1888–1890 paintings by Vincent van Gogh

Almond Blossoms is a group of several paintings made in 1888 and 1890 by Vincent van Gogh in Arles and Saint-Rémy, southern France of blossoming almond trees. Flowering trees were special to van Gogh. They represented awakening and hope. He enjoyed them aesthetically and found joy in painting flowering trees. The works reflect the influence of Impressionism, Divisionism, and Japanese woodcuts. Almond Blossom was made to celebrate the birth of his nephew and namesake, son of his brother Theo and sister-in-law Jo.

==Southern France==
In 1888 van Gogh became inspired in southern France and began the most productive period of his painting career. In connection with his painting Farmhouse in Provence (1888), the National Gallery of Art notes that:
It was sun that van Gogh sought in Provence, a brilliance and light that would wash out detail and simplify forms,
reducing the world around him to the sort of pattern he admired in Japanese woodblocks. Arles, he said, was "the Japan of the South." Here, he felt, the flattening effect of the sun would strengthen the outlines of compositions and reduce nuances of color to a few vivid contrasts. Pairs of complements—the red and green of the plants, the woven highlights of oranges and blue in the fence, even the pink clouds that enliven the turquoise sky — almost vibrate against each other.

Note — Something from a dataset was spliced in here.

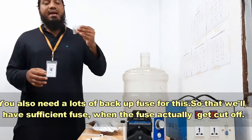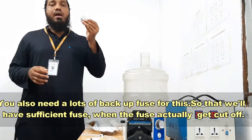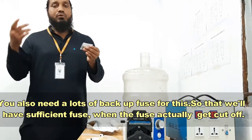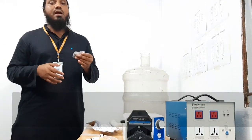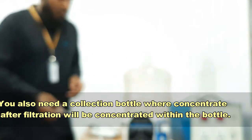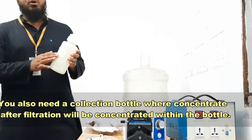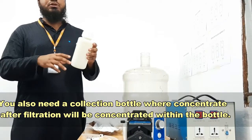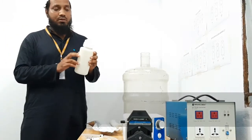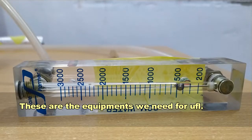You also need to keep lots of backup fuses so that you have sufficient replacements when a fuse is cut. You also need a collection bottle where the concentrate after filtration is collected — the water is concentrated significantly in this bottle. These are all the equipment we need for ultrafiltration.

When van Gogh arrived in Arles in March 1888 fruit trees in the orchards were about to bloom. The blossoms of the apricot, peach and plum trees motivated him, and within a month he had created fourteen paintings of blossoming fruit trees. Excited by the subject matter, van Gogh completed nearly one painting a day. Around April 21 he wrote to Theo, that he "will have to seek something new, now the orchards have almost finished blossoming."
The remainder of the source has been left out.